Da Carletto a Mourinho. La caduta degli dei maestri della panchina

Ancelotti a rischio, Josè finisce in seconda fascia, Pochettino ed Emery cacciati. È la fine di un'era

Da Carletto a Mourinho. La caduta degli dei maestri della panchina

Non tutti i santoni vengono per nuocere: ogni tanto il calcio se lo dimentica. Ma è altrettanto vero che la caduta degli dei è sport che avvalora l'incrollabile sete di giustizialismo e libertà a cui si aggrappa il mondo del pallone quando proprio non sa come rispondere alla domanda più semplice: perché non vinco? La caduta, e la risalita, degli dei della panchina sta allietando (sì, il verbo è cinico ma realista) il nostro guardar pallone. Ancelotti che trema a Napoli per miserie umane che si riflettono in quelle finanziarie, dopo aver assaggiato l'ammutinamento di una banda di prime donne in Germania; Pochettino ed Emery che sconfiggono tutte le leggende sulla santa pazienza della Premier, che ha mitizzato il magnifico perdente Arsene Wenger: in Inghilterra ci sono stati tre esoneri (anche Javi Garcia dal Watford) in tre mesi, senza dimenticare che Pochettino (172 giorni prima con il Tottenham) ed Emery (Arsenal) sono stati gli ultimi finalisti (sconfitti) di coppa europea.

Guardiola che comincia ad essere sbeffeggiato sui social («ti sei creato l'aura stando sulle spalle di Messi»); Mourinho tornato dopo 11 mesi su una panchina, ma usando prima il cervello poi l'orgoglio: preso uno schiaffo, si ripropone con una pennellata di umiltà; un triste oblio rischia di accompagnare lo stesso Wenger e il pluridecorato Marcello Lippi. Il mondo si rivoluziona o la legge del tempo crea e distrugge? No, bastano un pallone bizzoso, qualche talento annacquato, il piede storto di un centravanti e i riflessi distratti di un portiere.
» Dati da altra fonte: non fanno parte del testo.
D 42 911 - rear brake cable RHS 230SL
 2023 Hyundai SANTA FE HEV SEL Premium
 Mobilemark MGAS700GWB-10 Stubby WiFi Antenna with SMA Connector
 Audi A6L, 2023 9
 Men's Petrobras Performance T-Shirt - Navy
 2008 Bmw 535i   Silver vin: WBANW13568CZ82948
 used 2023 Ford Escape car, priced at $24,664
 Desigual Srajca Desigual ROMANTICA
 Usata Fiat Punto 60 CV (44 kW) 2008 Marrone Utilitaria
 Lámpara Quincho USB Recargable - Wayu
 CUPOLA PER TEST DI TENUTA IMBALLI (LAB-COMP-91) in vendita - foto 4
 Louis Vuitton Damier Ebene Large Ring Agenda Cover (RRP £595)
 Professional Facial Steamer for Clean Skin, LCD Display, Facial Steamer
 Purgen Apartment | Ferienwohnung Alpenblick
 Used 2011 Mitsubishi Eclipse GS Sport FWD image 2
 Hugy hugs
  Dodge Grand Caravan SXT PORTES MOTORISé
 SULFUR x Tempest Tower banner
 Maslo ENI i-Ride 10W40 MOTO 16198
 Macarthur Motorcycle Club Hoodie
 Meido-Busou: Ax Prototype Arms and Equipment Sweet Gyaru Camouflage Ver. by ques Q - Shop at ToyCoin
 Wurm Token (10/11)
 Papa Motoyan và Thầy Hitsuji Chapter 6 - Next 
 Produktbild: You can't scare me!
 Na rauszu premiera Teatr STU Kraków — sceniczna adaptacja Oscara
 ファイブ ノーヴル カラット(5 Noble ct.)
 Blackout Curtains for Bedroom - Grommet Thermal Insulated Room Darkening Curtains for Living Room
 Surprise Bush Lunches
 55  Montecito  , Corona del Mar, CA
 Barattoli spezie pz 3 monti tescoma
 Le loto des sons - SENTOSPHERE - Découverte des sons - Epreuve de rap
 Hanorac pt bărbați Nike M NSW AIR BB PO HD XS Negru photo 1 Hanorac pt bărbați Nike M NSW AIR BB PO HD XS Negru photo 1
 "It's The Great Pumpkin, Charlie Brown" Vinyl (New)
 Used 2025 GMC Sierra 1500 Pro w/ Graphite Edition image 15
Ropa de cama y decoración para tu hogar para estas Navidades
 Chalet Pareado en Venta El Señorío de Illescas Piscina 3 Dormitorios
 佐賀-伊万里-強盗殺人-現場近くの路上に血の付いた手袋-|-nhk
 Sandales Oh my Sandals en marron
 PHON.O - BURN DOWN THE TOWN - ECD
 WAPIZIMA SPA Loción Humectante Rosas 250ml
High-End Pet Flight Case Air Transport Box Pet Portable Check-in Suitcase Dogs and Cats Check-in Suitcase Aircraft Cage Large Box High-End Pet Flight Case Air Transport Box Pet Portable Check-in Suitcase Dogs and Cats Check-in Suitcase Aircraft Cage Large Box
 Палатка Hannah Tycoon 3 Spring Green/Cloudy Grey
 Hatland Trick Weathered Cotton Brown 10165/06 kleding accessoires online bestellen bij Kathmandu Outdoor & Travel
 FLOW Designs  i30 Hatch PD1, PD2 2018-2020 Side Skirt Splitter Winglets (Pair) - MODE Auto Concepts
Ancelotti conosce la legge e il mercato estivo gli avrà fatto intuire quanto sarebbe stato duro il cammino. Oggi è l'unico fra i primi 5 tecnici top italiani degli ultimi 40 anni, con Sacchi, Capello, Trap, Lippi, ad essere ancora in panchina: il tempo non lascia indenni. Il nucleo familiare, che il mister si porta dietro, non sempre è apprezzato all'interno di uno spogliatoio: si tratti di Napoli o di Monaco. L'esonero del Real fu un atto di ingiustizia, quello del Bayern un alto tradimento dei giocatori, la storia di Napoli ha creato crepe sulla sua credibilità gestionale e sull'apprezzata qualità di tecnico: comunque vada, non sarà più l'Ancelotti di un bel tempo che fu.

Ma nulla è perduto per un santone. E Phil Jackson, venerato guru del basket Usa, ha regalato una filosofia per tutti loro mister deificati eppoi abbattuti: «Non abbandonare il cammino, non arrenderti. Rialzati sempre, non importa quanto dura sia la caduta e quanto spesso tu cada. Si tratta solo di quante volte sei disposto a rialzarti per ritentarci». Girata la domanda a Mourinho, lui risponderà di saperne quanto il vecchio Phil sull'arte del cadere e risorgere.

L'ingresso in punta di piedi al Tottenham, quel dire «Sono un uomo di club, tifo per la squadra che alleno» come fosse un Conte qualsiasi, è uno spaccato dell'arte da mestierantecommediante, la trovata del mister-magister che mette una tuta simile ad un saio: voi vedrete un saio, lui vi dirà che si tratta di una corazza. Uno SpecialOne non sarà mai uno SpecialNone. Al massimo un po' meno Special.